I hold a Ph.D. in English literature with specialization in Victorian fiction and emphasis on gender/sexuality studies.  I reside in New England where I teach a variety of traditional, hybrid, and online courses.   

Growing up in a trailer park in New England to literacy-challenged parents sparked in me a passion for learning and a desire to cultivate accessible instruction strategies suitable especially for disadvantaged, adult, and low-income learners.  My parents encouraged in me a strong love of philosophical inquiry and a deep respect for the acquisition of knowledge through experience.  When I decided on a career as a teacher at university I did so because I believe that academia fosters the kind of learning that sprouts at the crossroads of personal history, literary exploration, metaphysical reflection, and everyday experience.
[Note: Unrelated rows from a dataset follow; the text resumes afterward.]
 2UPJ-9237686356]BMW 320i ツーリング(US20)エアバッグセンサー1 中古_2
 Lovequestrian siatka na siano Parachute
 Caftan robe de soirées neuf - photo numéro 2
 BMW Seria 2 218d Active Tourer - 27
During the early years of school my literary endeavors were a source of shame. I never understood the shame that I felt until I finished my Master’s thesis.  I couldn’t wait to show my father the bound copy of it and will never forget the sharp embarrassment and disappointment that I felt watching his excited expression disintegrate to confusion as he tried to read the first page of it.  I snatched it away.  I actually threw it in the trash.  I felt angry at myself for giving him something to read — some token of my accomplishments — that was so inaccessible.  I was ashamed to take pride in a thing that blatantly separated me from my physical history.

In my teaching I have striven to bridge the gap between history and writing by encouraging students to explore literary avenues informed by the topics with the most bearing on their lives.  I want to be a teacher who can speak to students plainly about the complex fabric of Western culture in a way that sutures national contexts with personal history.  I want to be a researcher and academic author who reads contemporaneous hot topics into literary history in fascinating ways that help modern readers understand the politics of selfhood.  I want to be a creative writer who takes risks in exploring the boundaries of conscious experience.

Most importantly, I would like to be someone who can speak proudly and with conviction about her profession.